- Born: July 29, 1983 (age 43)
- Other name: devinsupertramp
- Occupation: Content creator
- Spouse: Megan Smee ​(m. 2016)​

YouTube information
- Channel: devinsupertramp;
- Years active: 2010–present
- Genres: Extreme sport; Cinematography;
- Subscribers: 6.42 million
- Views: 1.88 billion
- Website: Official website

= Devin Graham =

American videographer (born 1983)

Devin Graham (born July 29, 1983) is an American videographer who produces adventure and extreme sport videos on YouTube under the name devinsupertramp. His channel has more than 6.42 million subscribers and over 1.8 billion total views.

== Career ==
Graham began making films of his stunts snowboarding at an early age.

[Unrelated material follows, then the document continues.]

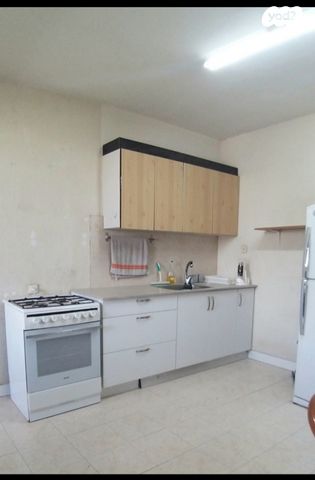 דירה, רמב"ם 8, העיר העתיקה, רמב"ם, דרום, באר שבע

After breaking his back and legs snowboarding, he shifted his focus to being behind the camera. He studied film making at Brigham Young University with the original intent on working on feature films. After seeing the successes of YouTube videos, specifically one made on a cellphone that amassed over two million views, Graham opted to focus on making videos of his own rather than completing his degree.

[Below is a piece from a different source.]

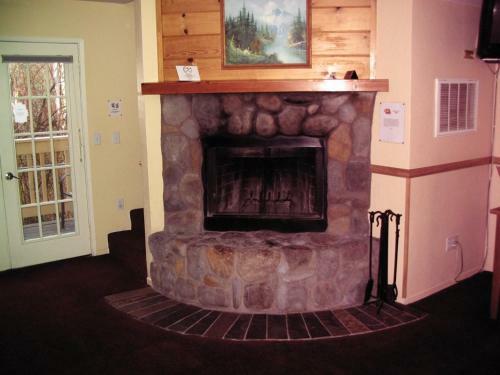 Cozy Hollow Lodge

Graham mostly produces, films, and edits his videos on his own. In a number of occasions, Graham has stated that he's worked with his roommate Jeff Harmon, others for sound, and cameramen if required. In Logan, Utah, he recruited 30 fan volunteers to help him shoot a snowball fight after making a public appeal on Facebook.

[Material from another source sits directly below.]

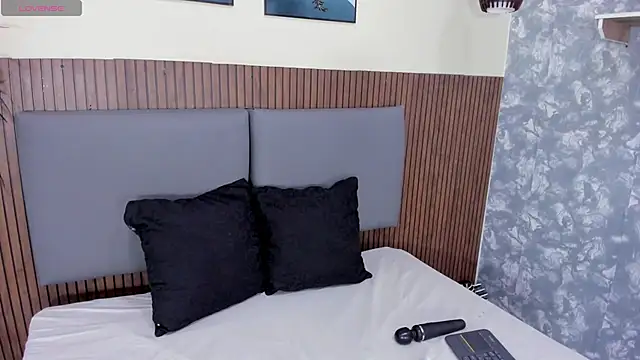 EmillyHarper  online show from November 2025 04:00:02 AM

Graham's YouTube channel has more than six million subscribers and his videos have amounted to over a billion views as of April 2021. His videos are noted for their high production value and frequent use of Glidecam stabilizers. Some of his revenue comes from corporate sponsorships for his videos; which have included the clothing brand Vooray, Timex, Kelloggs, Bear Naked, Mountain Dew, Ford, Ubisoft, and Reebok, as well as Speed Stick Gear. Graham won a Streamy Award for cinematography in 2015 at the 5th Streamy Awards.

== Personal life ==
For a short time he dated fellow YouTube celebrity Lindsey Stirling; they both attended the same university and church. The two began dating shortly after the filming of the music video for Stirling's "Crystallize". They have since ended their relationship, but still remain friends.

Graham also dated Hailey Gardiner from the singing group Gardiner Sisters. "Happily Ever After", a song from their EP, Better, was written by Hailey in reference to the dissolution of their relationship.

Graham married Megan Smee on August 12, 2016. In November 2019 Megan and Devin's son, Atlas Michael Graham, was born.